Il i eut un brigant pillart, et croi que il fu alemans, qui trop fort resgna en Limosin et en la Lange d’Oc, lequel on nonmoit Bacon. Chils avoit aultres brigans desous lui, et le tenoient à mestre et à capitainne, pour tant que il estoit le pieur de tous les aultres et li plus outrageus, et bien les paioit de mois en mois, et fu trop malement apers et soubtieus à embler et esqieler villes et forterèces. Et cevauçoient, tels fois estoit, ils et ses compagnons, vint ou trente lieues de nuit par voies couvertes, et venoient, sus le point de un ajournement, là où il voloient estre, et esqielloient le lieu où il avoient jeté et asis leur visée; et qant il estoient dedens une ville, ils boutoient le feu en cinq ou en siis maisons. Les gens de celi ville estoient esbahi et gerpisoient tout et s’enfuioient. Et chil pillart ronpoient cofres et escrins et prendoient ce que de bon il trouvoient dedens, et aussi des plus rices honmes à prisonniers, et les rançonnoient. Et vendoient les villes que pris avoient as honmes dou pais et à ceuls meismes lesquels boutés hors il en avoient, et en prendoient grant argent, selonch ce que il se pooient composer. Et par tels cas asamblèrent chil pillart trop malement grant finance. Et prist chils Bacons la ville de Dousenach en Limosin et le pilla toute, et encores le vendi ilss en deniers apparilliés, qant il s’en departi, diis mille esqus.

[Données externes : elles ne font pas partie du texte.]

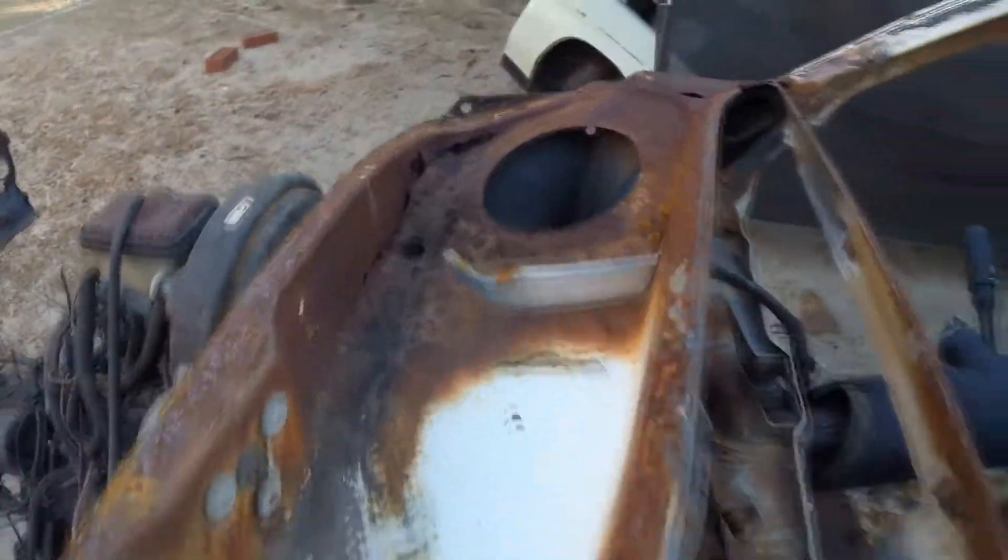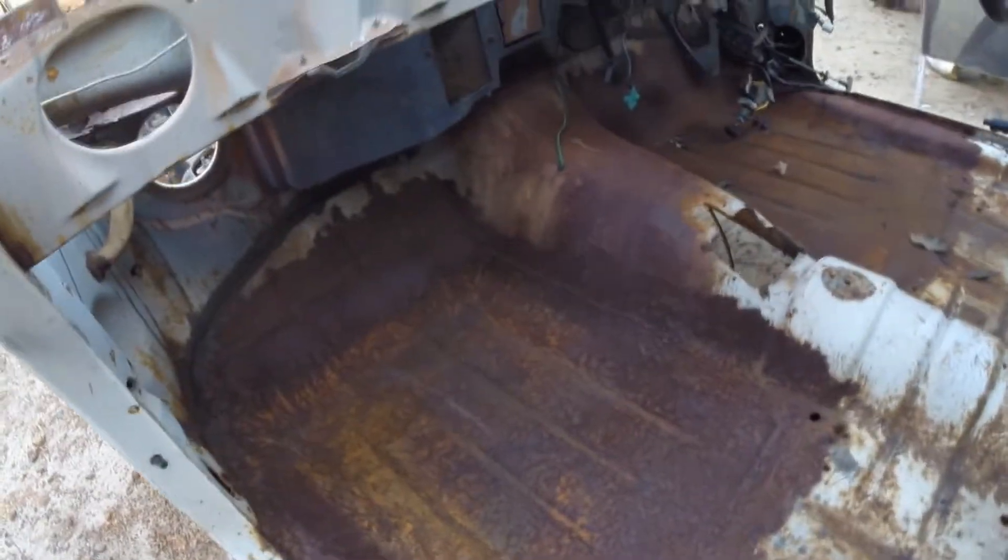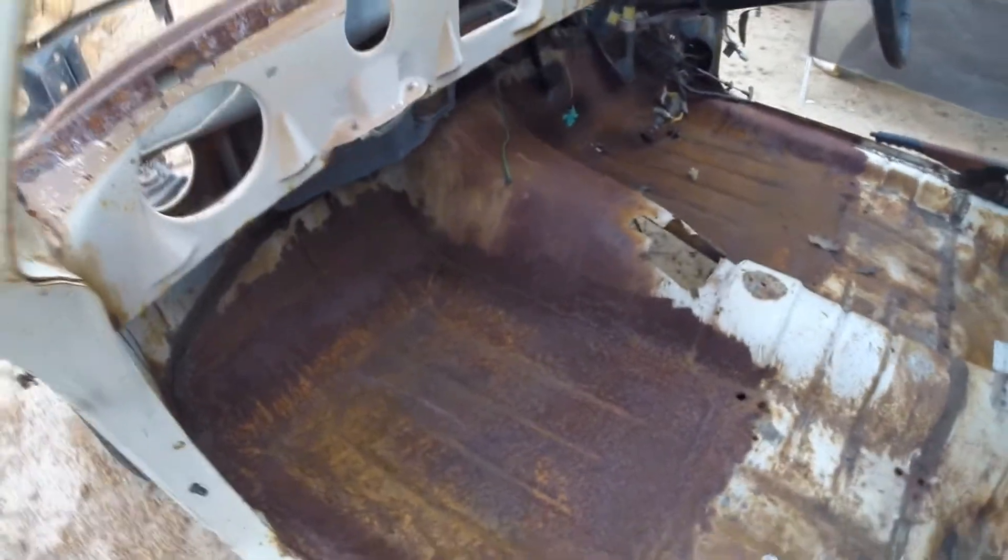The floors have gone backwards since the last time the van was seen — I need to sand them up and repaint and all that sort of bullshit. And also the sides of the van and wheel arches.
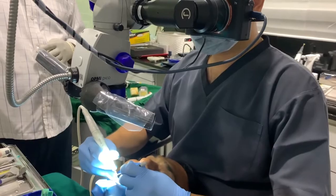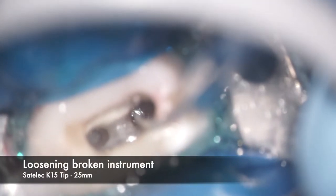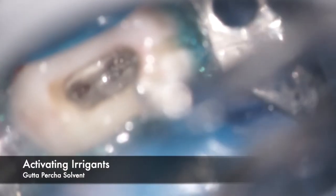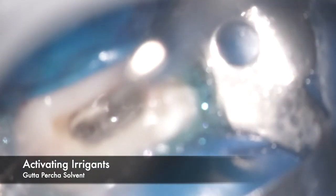Once I'm able to visualize the entire head of the instrument, we start to use a K-file type ultrasonic tip from Satelec used at a low to medium amplitude, trying to activate it along the inner curvature of the tooth. The instrument was in the buccal canal.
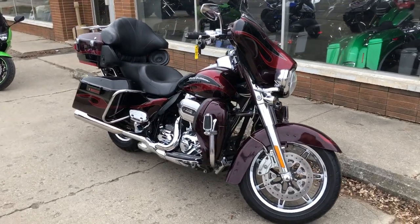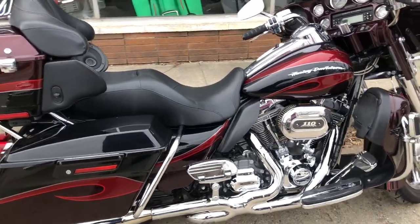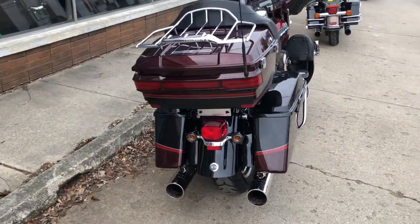Hey guys, it's Kim with Allsports.com here. We have a huge Screaming Eagle Ultra Classic for sale with a 110 cubic inch Screaming Eagle motor. This is one sharp Harley-Davidson — it's clean, clean, clean and loaded with chrome.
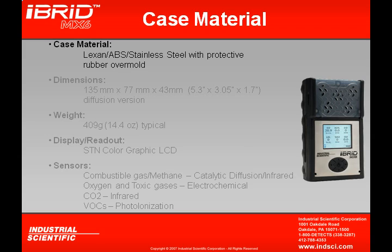When looking at the case material of the MX-6, it uses a Lexan ABS stainless steel with protective rubber molding. This provides it with excellent protection in environmental conditions and when being dropped.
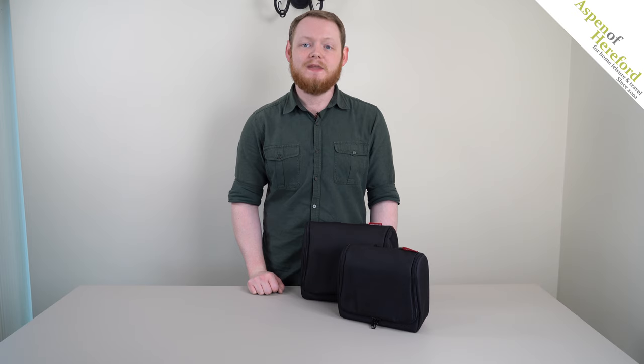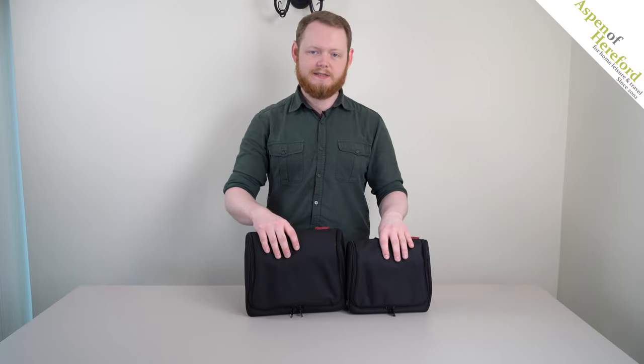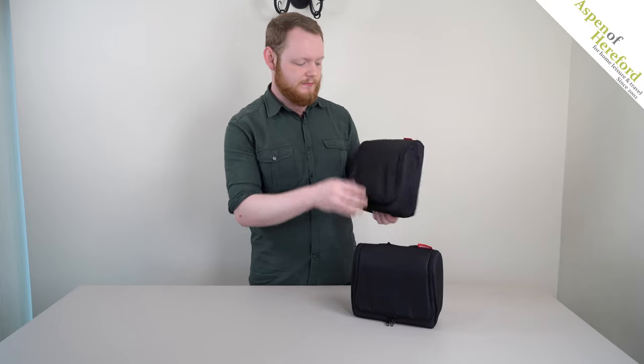Welcome to this Aspen of Hereford video. Today we're going to be looking at these Rise and Tell wash bags. They come in two sizes. On the top we've got a carrying or hanging strap, and if we open them up,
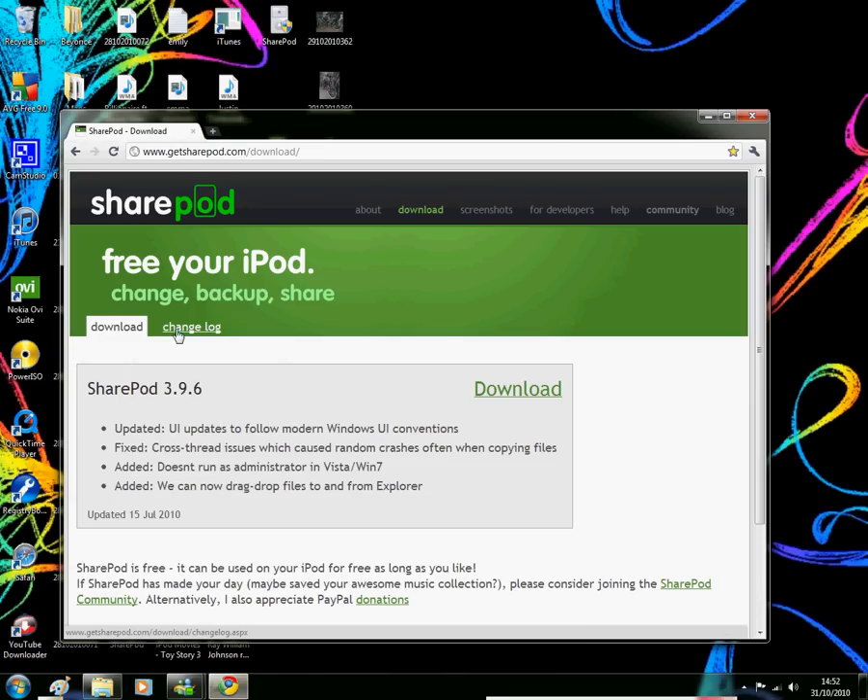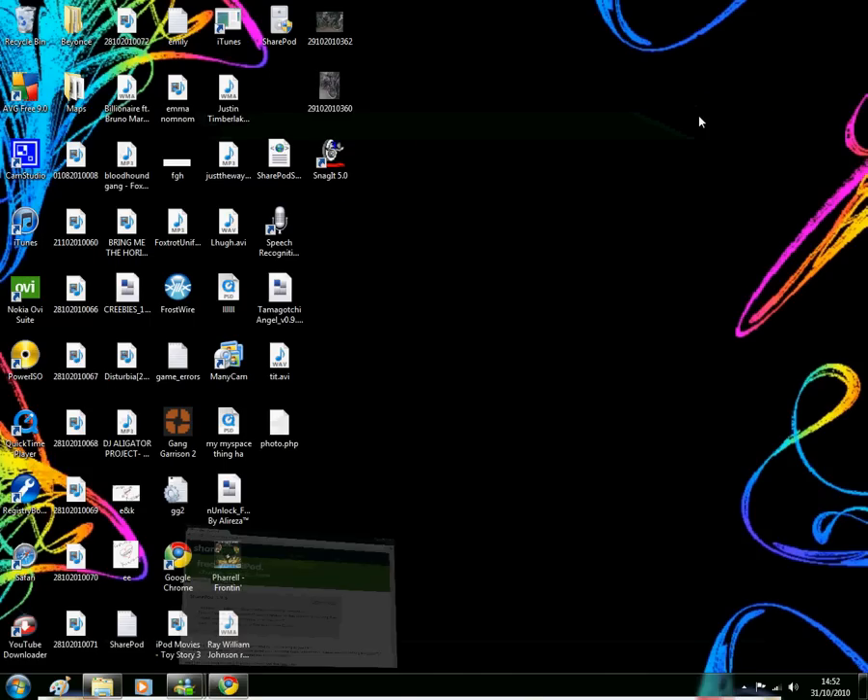Download SharePod, and you can put this software onto a memory stick and take it to your mate's house or something, and take some of their songs and put them on your iPod and all that stuff, so it's pretty good. So press that button to download, and then go to the SharePod icon.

Apriès, chils Bacons et ses gens prisent le ville et le chastiel de Comborne et le visconte et la contesse et lors enfans dedens, et les rançonna à vingt quatre mille esqus et retint le chastiel et trouva cautelle et action de guerrier le pais, pour tant que chils viscontes de Comborne s’estoit armés pour la contesse de Montfort, car chils Bacons estoit de la partie à la fenme mesire Carle de Blois. En la fin il vendi le chastiel au roi de France, et en ot en deniers tous apparilliés vingt quatre [mille] esqus, mais on les fist paiier le plat pais. Et fist chils viscontes de Conbourne sa paix au roi de France. Et li rois volt avoir ce Bacon dalés li, et fu wisiers d’armes dou roi et bien en la grace dou roi Phelippe et dou roi Jehan, et tous jours bien montés de coursiers, de roncins et de hagenées; et avoit assés grant finance d’or et d’argent, et demora en bon estat tant que il vesqui. Fº 146.

P. [67], l. 30 et 31: gaegnoient.—Ms. B 3: pauvres gens de guerre et brigans. Fº 151 vº.